# question on the Beretta 96 barrel



## rockrabbit (Dec 15, 2011)

Hi guys. I just picked up a Beretta 96 Inox, and I noticed the barrel doesn't seem to sit squarely in the center of the slide, i.e. there's just slightly more room between the barrel and slide on the left of the barrel than on the right. I shot the pistol and didn't notice any problems, but I'm still new to this. I should mention that when I take the slide off, the barrel seems to sit square, but I put it back on, and I notice a non-uniformity. 

Everything seems straight, but I want to know if anyone has experienced this, or if I should be worried. (And if so, can a gunsmith fix this?) I'm lost here. Thanks


----------



## denner (Jun 3, 2011)

I assume that when you place the guide rod/spring assembly back into the pistol your locking block is in the down position and the guide rod/spring is centered before you assemble the slide back onto the frame?


----------



## rockrabbit (Dec 15, 2011)

Yeah, the locking block is down and the guide rod and spring are centered.
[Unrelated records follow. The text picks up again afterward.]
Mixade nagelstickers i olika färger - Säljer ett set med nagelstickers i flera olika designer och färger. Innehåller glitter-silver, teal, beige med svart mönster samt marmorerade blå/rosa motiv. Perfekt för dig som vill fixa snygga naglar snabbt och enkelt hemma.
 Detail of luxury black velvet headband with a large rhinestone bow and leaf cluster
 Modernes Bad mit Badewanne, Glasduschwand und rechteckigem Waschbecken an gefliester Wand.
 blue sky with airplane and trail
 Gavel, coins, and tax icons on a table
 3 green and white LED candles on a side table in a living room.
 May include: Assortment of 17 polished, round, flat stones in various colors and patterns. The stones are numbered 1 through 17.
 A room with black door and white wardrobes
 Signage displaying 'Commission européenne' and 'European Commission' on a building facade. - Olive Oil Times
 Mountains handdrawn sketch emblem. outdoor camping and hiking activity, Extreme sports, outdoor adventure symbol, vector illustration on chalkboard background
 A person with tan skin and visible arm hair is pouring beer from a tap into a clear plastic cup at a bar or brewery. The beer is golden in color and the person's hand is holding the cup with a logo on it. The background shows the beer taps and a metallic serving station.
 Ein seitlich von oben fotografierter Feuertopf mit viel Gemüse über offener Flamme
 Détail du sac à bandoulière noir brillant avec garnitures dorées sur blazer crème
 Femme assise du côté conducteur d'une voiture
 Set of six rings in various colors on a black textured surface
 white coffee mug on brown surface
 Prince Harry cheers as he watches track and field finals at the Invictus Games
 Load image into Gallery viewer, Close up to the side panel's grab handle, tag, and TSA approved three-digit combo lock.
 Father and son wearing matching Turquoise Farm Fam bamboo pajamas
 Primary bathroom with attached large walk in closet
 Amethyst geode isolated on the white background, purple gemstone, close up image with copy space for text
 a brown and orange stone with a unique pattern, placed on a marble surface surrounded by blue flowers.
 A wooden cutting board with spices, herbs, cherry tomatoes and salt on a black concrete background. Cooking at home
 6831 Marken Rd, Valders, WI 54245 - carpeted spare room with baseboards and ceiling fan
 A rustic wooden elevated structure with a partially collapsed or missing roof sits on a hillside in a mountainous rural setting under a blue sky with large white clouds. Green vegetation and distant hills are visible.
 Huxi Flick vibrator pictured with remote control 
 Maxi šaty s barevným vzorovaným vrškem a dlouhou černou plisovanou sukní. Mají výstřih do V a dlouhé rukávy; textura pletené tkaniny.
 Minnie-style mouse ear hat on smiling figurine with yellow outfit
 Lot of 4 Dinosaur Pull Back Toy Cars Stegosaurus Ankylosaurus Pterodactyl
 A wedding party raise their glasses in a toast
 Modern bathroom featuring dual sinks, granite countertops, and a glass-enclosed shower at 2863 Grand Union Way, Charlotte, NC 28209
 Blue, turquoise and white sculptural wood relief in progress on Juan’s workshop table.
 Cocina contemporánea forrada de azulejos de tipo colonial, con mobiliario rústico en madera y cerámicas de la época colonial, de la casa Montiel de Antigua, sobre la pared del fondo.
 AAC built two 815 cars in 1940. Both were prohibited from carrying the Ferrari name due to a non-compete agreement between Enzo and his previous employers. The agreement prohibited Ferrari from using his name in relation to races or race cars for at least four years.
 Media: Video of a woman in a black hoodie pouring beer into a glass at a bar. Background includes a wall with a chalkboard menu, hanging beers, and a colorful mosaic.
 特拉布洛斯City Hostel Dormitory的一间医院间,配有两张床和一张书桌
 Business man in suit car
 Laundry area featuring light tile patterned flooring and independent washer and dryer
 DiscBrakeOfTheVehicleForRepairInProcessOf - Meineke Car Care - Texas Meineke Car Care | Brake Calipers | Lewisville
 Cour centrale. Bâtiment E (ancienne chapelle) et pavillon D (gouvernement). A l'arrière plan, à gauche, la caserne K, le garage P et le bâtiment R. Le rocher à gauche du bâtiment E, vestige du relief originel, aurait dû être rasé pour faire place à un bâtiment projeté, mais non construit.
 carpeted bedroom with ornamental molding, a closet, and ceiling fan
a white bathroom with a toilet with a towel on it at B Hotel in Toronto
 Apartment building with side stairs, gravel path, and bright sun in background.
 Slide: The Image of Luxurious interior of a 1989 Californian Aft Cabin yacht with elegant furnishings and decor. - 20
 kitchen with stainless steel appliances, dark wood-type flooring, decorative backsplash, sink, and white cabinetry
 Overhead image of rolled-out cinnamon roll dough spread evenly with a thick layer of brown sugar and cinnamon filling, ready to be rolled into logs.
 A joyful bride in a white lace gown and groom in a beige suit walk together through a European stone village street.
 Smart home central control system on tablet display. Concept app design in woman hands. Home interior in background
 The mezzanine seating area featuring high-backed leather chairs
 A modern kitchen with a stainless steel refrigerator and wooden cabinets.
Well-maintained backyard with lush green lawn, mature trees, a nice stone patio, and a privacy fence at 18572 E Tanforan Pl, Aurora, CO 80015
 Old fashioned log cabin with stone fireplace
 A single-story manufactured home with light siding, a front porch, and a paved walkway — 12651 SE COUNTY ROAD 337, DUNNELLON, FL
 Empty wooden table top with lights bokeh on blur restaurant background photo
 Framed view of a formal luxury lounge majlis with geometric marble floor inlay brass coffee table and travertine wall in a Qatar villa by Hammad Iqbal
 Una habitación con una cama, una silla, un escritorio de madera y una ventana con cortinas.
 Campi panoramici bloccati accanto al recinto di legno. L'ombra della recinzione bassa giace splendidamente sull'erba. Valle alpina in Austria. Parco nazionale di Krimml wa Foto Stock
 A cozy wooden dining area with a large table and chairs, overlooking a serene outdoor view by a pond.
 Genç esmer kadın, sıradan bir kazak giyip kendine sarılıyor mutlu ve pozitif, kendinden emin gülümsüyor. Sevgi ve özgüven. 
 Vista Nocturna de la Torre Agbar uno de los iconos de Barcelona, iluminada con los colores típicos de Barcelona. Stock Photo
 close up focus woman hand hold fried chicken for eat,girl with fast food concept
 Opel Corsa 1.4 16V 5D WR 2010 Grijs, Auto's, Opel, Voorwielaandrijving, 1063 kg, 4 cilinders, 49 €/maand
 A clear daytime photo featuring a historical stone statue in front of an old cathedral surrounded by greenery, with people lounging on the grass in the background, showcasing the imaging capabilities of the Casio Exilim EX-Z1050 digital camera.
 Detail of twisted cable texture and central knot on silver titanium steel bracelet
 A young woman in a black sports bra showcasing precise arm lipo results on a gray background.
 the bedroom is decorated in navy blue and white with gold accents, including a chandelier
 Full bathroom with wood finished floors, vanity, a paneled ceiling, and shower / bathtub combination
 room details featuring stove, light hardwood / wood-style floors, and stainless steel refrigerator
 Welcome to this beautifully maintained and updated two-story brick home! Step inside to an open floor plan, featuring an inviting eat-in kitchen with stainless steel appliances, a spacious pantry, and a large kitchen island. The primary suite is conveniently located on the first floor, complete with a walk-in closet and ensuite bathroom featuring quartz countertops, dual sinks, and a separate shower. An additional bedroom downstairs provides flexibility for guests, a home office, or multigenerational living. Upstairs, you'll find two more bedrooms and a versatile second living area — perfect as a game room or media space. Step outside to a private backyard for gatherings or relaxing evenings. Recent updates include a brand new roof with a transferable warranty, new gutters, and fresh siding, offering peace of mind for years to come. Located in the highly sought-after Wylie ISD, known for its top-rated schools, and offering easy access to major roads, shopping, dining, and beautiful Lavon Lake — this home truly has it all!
That's why it's weird. It doesn't rub against the slide or anything, but I want to know if I should be concerned. At least one source says this is common. But if it affects the pistol's aim, then maybe it could be a problem.


----------



## denner (Jun 3, 2011)

rockrabbit said:


> I should mention that when I take the slide off, the barrel seems to sit square, Everything seems straight,


In my experience with the 92 and 96, I own both, they have tight tolerences, frame, slide to barrel fit and the falling locking block locks it all in, not to mention my 96 is an absolute nail driver. When the pistol is fully assembled and you look down on the barrel is it centered as you mentioned above? If so, I would surmise you have nothing to worry about at all and i beleive thats how the pistol is built and is not in anyway an accuracy factor. If possible post some pics on what you are describing.


----------



## LeoM (Jul 7, 2011)

There been 5 of the 92/96 pistols that have found there way into my safe. What you observe is pretty normal. It bothered me a lot when I first noticed it (15 plus years ago) but has never been a problem. Whatever it is, seems to take care of it's self when you pull the trigger. Good Luck


----------



## denner (Jun 3, 2011)

I'm in the dark on this one. "The barrel doesn't sit squarely in the center of the slide"? I've never noticed any such thing. The locking block moves from side to side a little which is normal and if you were to put the recoil rod off center i suppose it would give this perception, but when you put the slide back on the frame it surely needs to be center or center itself or the slide would not go back on the frame. Maybe the new plastic recoil assembly's as opposed to my steel guiderods bend a little giving this perception? A worn locking block perhaps, but this would not occur generally up until 20,000 rounds or so, if even then. If there's one thing I know it would be the workings of a 92/96. We may need to call shipwreck on this one. BTW I'm proud of myself having completely stripped my 92G and changing every spring in the pistol and even the infamous safety mechanism spring and detent on a 92G which when it goes to flying could literally kill a mouse at 30 feet.:smt083


----------



## rockrabbit (Dec 15, 2011)

I will post some pics as soon as I can.


----------



## denner (Jun 3, 2011)

10-4.


----------



## rockrabbit (Dec 15, 2011)

...


----------



## TedDeBearFrmHell (Jul 1, 2011)

rockrabbit said:


> /Users/meredithprest/Desktop/photo-23.JPG


yeah......... not so much


----------



## denner (Jun 3, 2011)

Here's a pic of my slide & barrel, sits squarely in the center in any stage of assembly or disassembly.


----------



## rockrabbit (Dec 15, 2011)

Aurgh. It will not let me upload a picture. I'll have to contact the site administrator I guess. And denner, your picture doesn't appear either. Tell you what, I'd be happy to email it directly to you, and you can give me your opinion; I'd be happy to hear it.


----------



## berettabone (Jan 23, 2012)

Have owned a 92..currently own a 96...never have seen or heard anything like this....mine sits squarely in the center..


----------